What you need to do
Go to the line holding "Carrello Porta Pannelli" in the entries below and write out exactly every line down to and including the line holding "Sony STR-K7000 Service".

Extracted data
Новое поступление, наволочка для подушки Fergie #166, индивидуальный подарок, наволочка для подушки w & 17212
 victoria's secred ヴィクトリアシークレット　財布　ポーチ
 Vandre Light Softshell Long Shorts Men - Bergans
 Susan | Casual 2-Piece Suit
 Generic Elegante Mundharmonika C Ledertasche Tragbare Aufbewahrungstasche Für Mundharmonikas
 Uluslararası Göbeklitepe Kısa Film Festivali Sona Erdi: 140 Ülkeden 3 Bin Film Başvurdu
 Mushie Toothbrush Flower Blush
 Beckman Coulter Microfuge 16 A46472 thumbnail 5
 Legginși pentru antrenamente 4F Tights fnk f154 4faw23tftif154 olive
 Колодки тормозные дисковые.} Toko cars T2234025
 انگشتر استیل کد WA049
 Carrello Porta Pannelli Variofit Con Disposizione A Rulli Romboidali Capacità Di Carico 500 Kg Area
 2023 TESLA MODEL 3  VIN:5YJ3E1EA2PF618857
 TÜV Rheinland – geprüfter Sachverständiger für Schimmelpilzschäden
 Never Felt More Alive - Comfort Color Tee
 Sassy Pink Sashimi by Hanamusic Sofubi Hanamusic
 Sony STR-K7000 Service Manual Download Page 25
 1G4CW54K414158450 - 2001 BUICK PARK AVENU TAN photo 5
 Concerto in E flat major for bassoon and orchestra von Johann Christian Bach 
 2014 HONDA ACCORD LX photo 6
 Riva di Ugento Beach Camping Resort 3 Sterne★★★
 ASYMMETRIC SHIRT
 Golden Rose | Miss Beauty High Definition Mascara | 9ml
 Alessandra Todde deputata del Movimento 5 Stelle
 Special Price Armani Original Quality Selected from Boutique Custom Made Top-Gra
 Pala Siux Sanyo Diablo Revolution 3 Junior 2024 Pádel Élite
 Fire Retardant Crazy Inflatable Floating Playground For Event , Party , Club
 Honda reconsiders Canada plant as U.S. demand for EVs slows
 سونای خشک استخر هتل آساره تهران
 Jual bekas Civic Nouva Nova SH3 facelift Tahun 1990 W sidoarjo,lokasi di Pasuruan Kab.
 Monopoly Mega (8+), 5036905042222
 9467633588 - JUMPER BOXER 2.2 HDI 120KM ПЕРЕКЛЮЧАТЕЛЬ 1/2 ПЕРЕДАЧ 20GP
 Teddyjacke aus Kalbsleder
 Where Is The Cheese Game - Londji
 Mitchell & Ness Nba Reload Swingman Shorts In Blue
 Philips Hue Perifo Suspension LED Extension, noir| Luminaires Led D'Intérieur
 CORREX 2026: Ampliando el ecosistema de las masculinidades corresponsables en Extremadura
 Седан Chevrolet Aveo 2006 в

Reply to the task
 Carrello Porta Pannelli Variofit Con Disposizione A Rulli Romboidali Capacità Di Carico 500 Kg Area
 2023 TESLA MODEL 3  VIN:5YJ3E1EA2PF618857
 TÜV Rheinland – geprüfter Sachverständiger für Schimmelpilzschäden
 Never Felt More Alive - Comfort Color Tee
 Sassy Pink Sashimi by Hanamusic Sofubi Hanamusic
 Sony STR-K7000 Service Manual Download Page 25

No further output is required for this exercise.